Teen Tech Tip of the Week #24: Computer Coding (Part I): Programming Language Basics 
Hello and welcome back to the blog for a giant two-parter. This time we are looking at computer coding and free resources that you can use to learn various programming languages to create computer and mobile applications, video games, and build websites.

Computer code is all around us and powers every electronic device. As an exercise for those who may have never seen a code before, hit F12 (Internet Explorer), Ctrl+U (Firefox and Chrome), or Cmd+Opt+U (Safari) to see the source code for this webpage.

In an increasingly digital age, learning computer skills is a fundamental necessity, and learning programming is like learning the language.
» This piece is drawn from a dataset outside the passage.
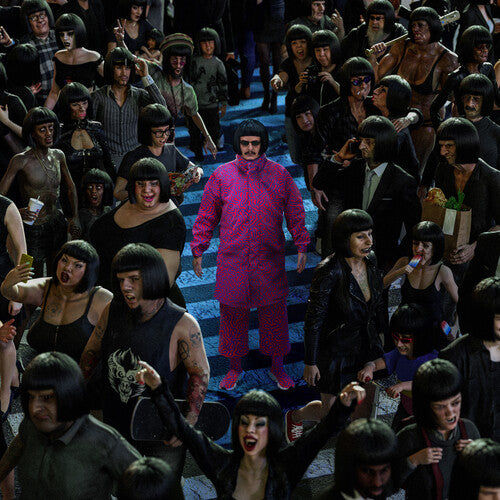 Oliver Tree - Alone in a Crowd (CD)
Learning to code has never been easier, and everyday more resources are popping up to teach you how. Currently, there is a high demand for programmers in the job market. This post is dedicated to giving you some of those resources.

Learning to Code

Codecademy is a great place to start learning the nuts and bolts of various programming languages: HTML/CSS, PHP, jQuery, Javascript, Python, Ruby and information on API's. There are dozens of projects that allow you to put your skills to use designing games and personalized web applications.

Python is a great place to start programming. This scripting language is expressive and easy to understand. The Python community has come together to create tons of libraries and tutorials to get you started and beyond.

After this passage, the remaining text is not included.